Last I checked corals != to freshwater plants.  Search the forums and you will find a 2x2 footprint is the norm.


----------



## cholly (Jun 12, 2007)

Overfloater said:


> Last I checked corals != to freshwater plants.  Search the forums and you will find a 2x2 footprint is the norm.


You're absolutely right when you say corals != freshwater plants. Corals need far more light - as a general rule - than freshwater plants do. So if it worked for the one, it should be more than adequete for the other.

But leaving that aside, a quick glance at ADG's homepage ( http://www.aquariumdesigngroup.com/ ) shows a photo of a 36" long freshwater planted tank (an ADA 90P) lit by centrally mounted fixture which looks to be an ADA Grand Solar I, consisting of 1 x 150w halide and 2 x 36w PCs.

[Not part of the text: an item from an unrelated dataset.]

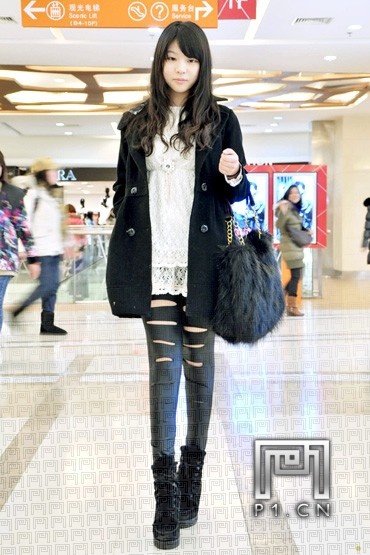 北京新天地<em>街拍 黑丝美女</em>最养眼_女性_拍拍网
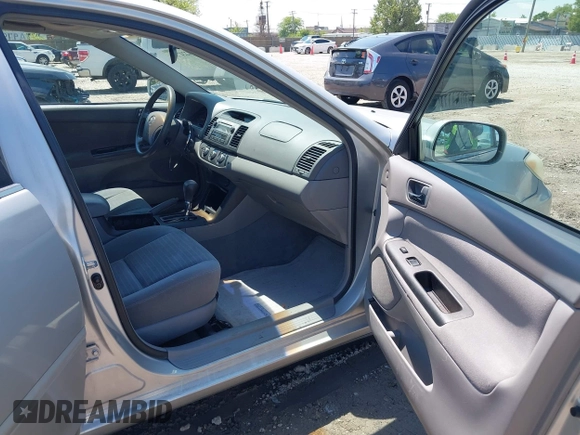 2006 Toyota Camry STD z VIN 4T1BE32K46U725379, wystawiony jako IAAI lot #42247594 z przebiegiem 83 586 mil mil oraz . Historia ofert i sprzedaży dostępna na DreamBid. Obrazek 5.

And you're also right that 2x2 footprints are the norm, but that doesn't mean they're the only option. Current USA, Hamilton Technology and several other manufacturer's do offer 36" halide fixtures with only one halide bulb. I won't pretend that they give even coverage over the 36" length of the tank; in my first post I did say the corners would be dimmer than the middle. However, it's really not by a significant amount as long the bulb is mounted far enough above the tank, and is a horizontal rather than a vertical mount. These days it's very easy to find MH pendants with horizontally mounted bulbs manufactured by most of the major lighting companies, so availability shouldn't be a problem.


----------



## redstrat (Apr 3, 2006)

it really depends on the reflector's spread pattern. One should be enough, it might be dim in the upper corners, maybe. 2 would be overkill, and a 250 might be too much as well, unless you could raise it really high, but then you'd be spreading light all over the room too. I'd recommend 1 - 150w HQI MH raised high enough that the main light spread covers enough of the tank to satisfy your taste and you should be pleasantly suprised with your results.


----------



## puttyman70 (Aug 7, 2007)

Thanks for the responses guys. I emailed ADG about it and as Cholly said ADA typically uses a Solar 1 over a 90P which is about the same size as 40g breeder. I assume there is nothing unique about the pattern of their reflector. 

I think I'm going to go for it. The Solar 1 is definitely sexy but I'm not sure if I can convince the wife it's worth $480, but it's worth a try. "But it really goes with your furniture and even comes with a special bulb.":violin:


----------



## cholly (Jun 12, 2007)

Good luck 
If that doesn't end up getting approval, you can get some nice alternatives for a little more than half that price. PFO makes a nice 150w HQI pendant with an electronic ballast for just under $300 or so. One dealer I know who carries it is Premium Aquatics, at http://www.premiumaquatics.com/Merc...roduct_Code=PFO-HQI150ESYS&Category_Code=PFOp

Another dealer who you might find to be worth browsing their lighting section is Marine Depot, www.marinedepot.com


----------